Another question I would ask, “why are you so frightened of being gay?” Is it the idea of being gay or is it the idea of being gay and not knowing it? The former would suggest a bias against gay people. The latter would suggest an anxiety disorder.
In the American culture, homosexuality is accepted by most people. Unfortunately, there’s a small-minded subgroup who hate gay people but thankfully that is not the norm. Gallup polls show that the majority of Americans support gay rights, gay marriage, and gay persons in general. The idea that the majority of Americans support gay people runs counter to why you would fear being gay.
In other cultures, same-sex relations are not only forbidden but they are illegal. As of April 2019, 71 countries consider homosexuality illegal. In some countries, if you’re caught engaging in same-sex relations, you could face fines, jail time, lashings, life in prison or even death by stoning. If you live in one of those countries, then your fear of being gay might make more sense. It makes less sense if you live in United States.
One additional characteristic of your thinking, which further supports the notion of an anxiety disorder, is your fear of being gay and not knowing it. That would suggest a fear of losing or having lost control. It’s the idea that something is happening to you without your knowledge or your ability to control it. That line of thinking is consistent with anxiety disorders.
When one is dealing with anxiety, it’s always important to focus on the facts. Your therapist confirmed that it is normal to question one’s sexuality in adolescence. She is right. That’s a fact.
She also confirmed the fact that you don’t seem to, as you put it, “portray the characteristics of a lesbian.” In other words, nothing you’ve said or done or thought indicates that you are gay. Couple that with the fact that you have no desire for or attraction to anyone of the same sex and this strongly indicates that you are not gay. Those are the facts. Believe in the facts and this should reduce your anxiety. When you start to feel out of control or anxious, return to the facts.
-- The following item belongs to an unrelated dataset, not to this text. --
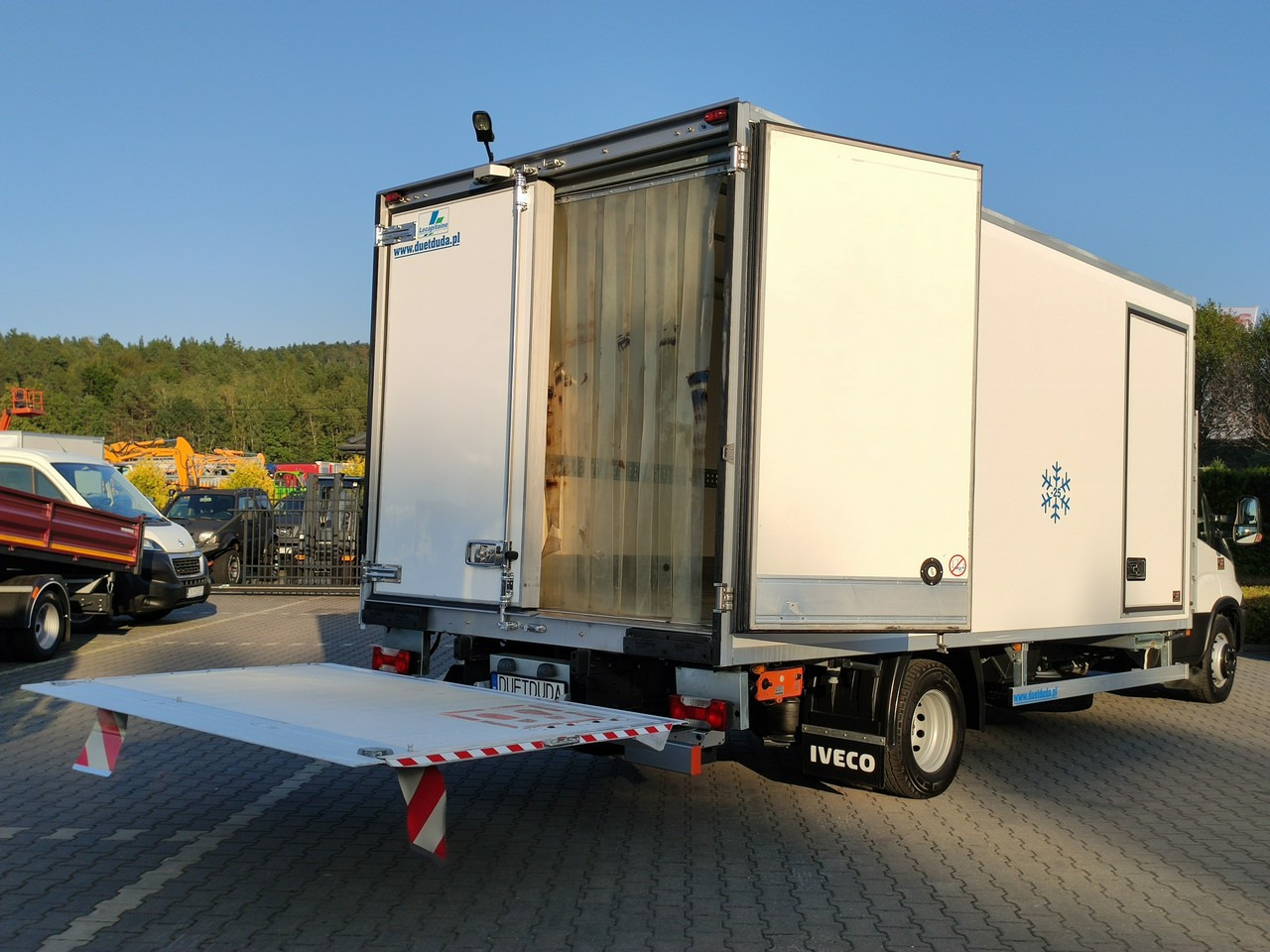 شاحنة مُبرّدة للتوصيل Iveco Daily 70C17 Mroźnia Ściana Grodziowa Multitemperatura: صورة 10 شاحنة مُبرّدة للتوصيل Iveco Daily 70C17 Mroźnia Ściana Grodziowa Multitemperatura: صورة 10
You might even keep a list of facts to remind yourself what is true. It might help to reduce your anxiety.
Hopefully, you can work with your therapist sooner rather than later. Also remember, in a worst-case scenario (at least in your mind), even if you are gay, and it strongly appears as though you’re not, who cares? There’s nothing wrong with being gay.
Thankfully, you are already in counseling and anxiety disorders are highly treatable. It would seem that you’re already on the road to recovery. Good luck with your efforts. Please take care.